- [Activity]:
Make an exact copy of the listing below.

- [Data to examine]:

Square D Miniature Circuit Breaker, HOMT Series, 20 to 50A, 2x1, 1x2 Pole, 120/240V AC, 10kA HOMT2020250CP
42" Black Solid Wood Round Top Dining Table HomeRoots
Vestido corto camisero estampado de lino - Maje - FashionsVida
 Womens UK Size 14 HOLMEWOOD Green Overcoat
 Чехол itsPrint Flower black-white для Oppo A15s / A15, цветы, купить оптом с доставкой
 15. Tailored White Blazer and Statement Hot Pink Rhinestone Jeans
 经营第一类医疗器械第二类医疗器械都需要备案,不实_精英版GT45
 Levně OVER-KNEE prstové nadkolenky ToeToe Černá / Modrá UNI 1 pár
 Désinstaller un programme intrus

- [Response to the task]:
Square D Miniature Circuit Breaker, HOMT Series, 20 to 50A, 2x1, 1x2 Pole, 120/240V AC, 10kA HOMT2020250CP
42" Black Solid Wood Round Top Dining Table HomeRoots
Vestido corto camisero estampado de lino - Maje - FashionsVida
 Womens UK Size 14 HOLMEWOOD Green Overcoat
 Чехол itsPrint Flower black-white для Oppo A15s / A15, цветы, купить оптом с доставкой
 15. Tailored White Blazer and Statement Hot Pink Rhinestone Jeans
 经营第一类医疗器械第二类医疗器械都需要备案,不实_精英版GT45
 Levně OVER-KNEE prstové nadkolenky ToeToe Černá / Modrá UNI 1 pár
 Désinstaller un programme intrus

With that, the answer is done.